My dad hated hospitals. We promised to keep him home, and that is what we did. Looking back, although not a realistic plan, I wish someone had thought to hide a video camera to capture the comings/goings of my moms house during the six weeks we took care of dad. As sad as it was, it was an incredible time. Our family is awesome. We came together with one common goal. Take care of dad, and make sure mom was okay. We succeeded, and in doing so, solidified our relationships as sisters like never before. All walls came down. Any past issues or misgivings with one another went out the window. We were just “us” the Reilly girls. We all assumed a role without realizing what those roles were, and we carried out our duties with expertise.
Still, I am lost.
The toughest part for me of that afternoon was watching my dad leave the house for the last time. You don’t realize the impact of something like that until it actually happens. Wrapped in an American Flag, being carried out the front door of the house he was so incredibly proud of. Heidi and I will always have this image imbedded in our hearts, another goodbye we were the privileged two to have. Why do I mention this memory when there are so many? I guess to me it’s part of the journey. Dad’s journey after his brave valiant battle, and the beginning of our journey in this grief process.
The Reilly girls got through the days following my dads death because we had each other -yes, we all have incredibly supportive spouses and children and extended family and amazing
friends, but in the end we are the Reilly girls. We sat in front of his casket, proud as ever, knowing how much he loved his girls.
Still, I felt lost.
For me, once I got home after it was all over, having to leave Mom, and my sisters and return to my life in New Jersey, that is when I think reality hit me the hardest. My world as I knew it was suddenly over. The dynamics of my weekly trips to Long Island had changed, I could unpack my “emergency” overnight bag I kept in the car, I wasn’t racing down the Long Island Expressway afraid I was going to miss something, or god forbid be too late. Most of all I was lost. I wasn’t surrounded by the Reilly girls. I couldn’t sit next to mom and be comforted, I couldn’t fight with Heidi over who got the couch or dad’s chair in the living room, I couldn’t try and convince Karen to cheat on her diet, tell Sue to get in her pajamas before bedtime, or plead with Donna to stop at The Rolling Pin Bakery for scones on the way over….
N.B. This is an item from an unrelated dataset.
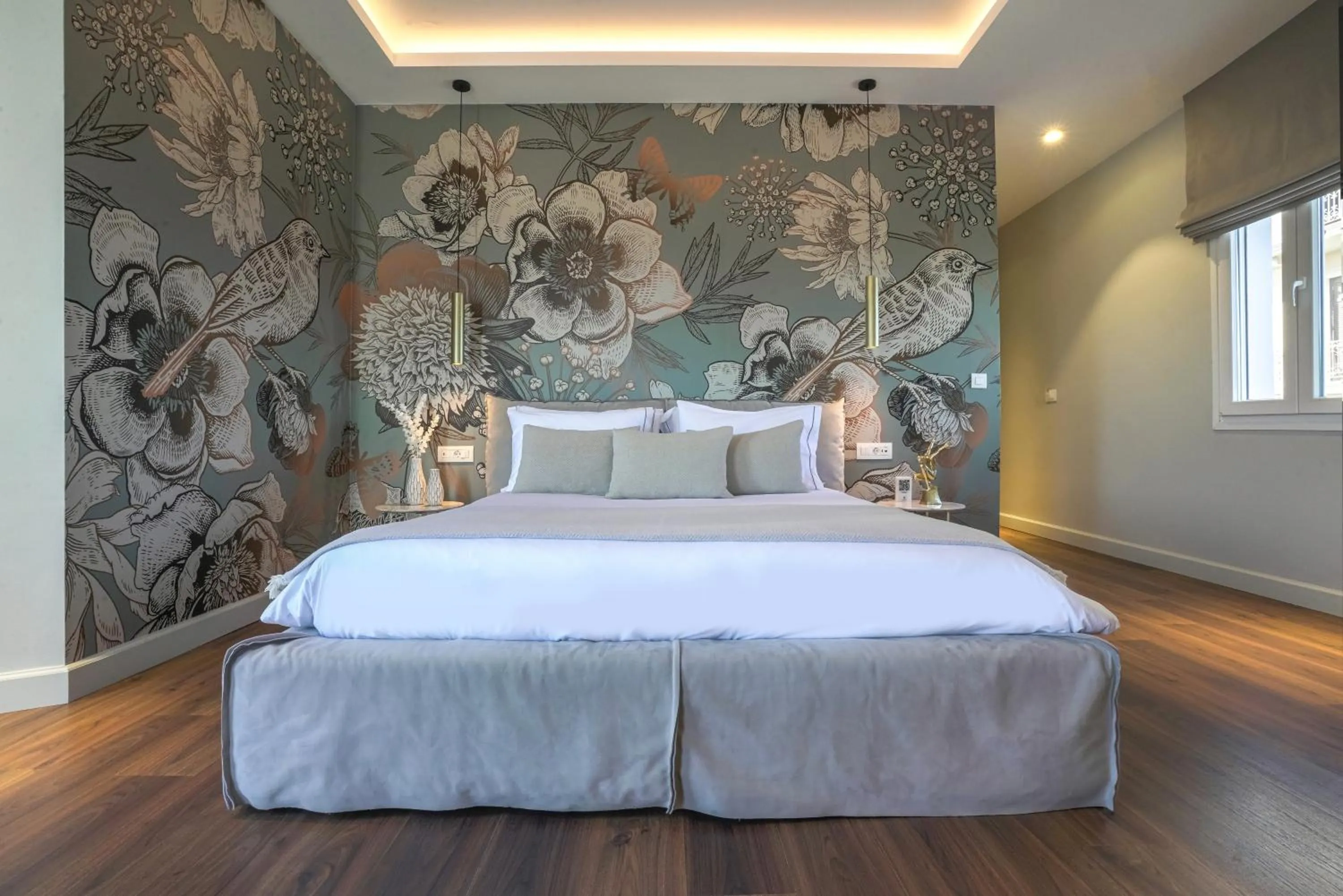 Bed in Pafsilipon Suites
In speaking to my sisters, we were all lost…..
It’s 3 months now, and we are finding our way back. There are more good days than bad, and it seems that if one of us is having a bad day, the rest are too… One of the last things my dad said to us was “We will do things together, because HE wants us to do things together”. I know this is true, because this is what we have done. We are doing this together, so maybe soon, I won’t feel so lost.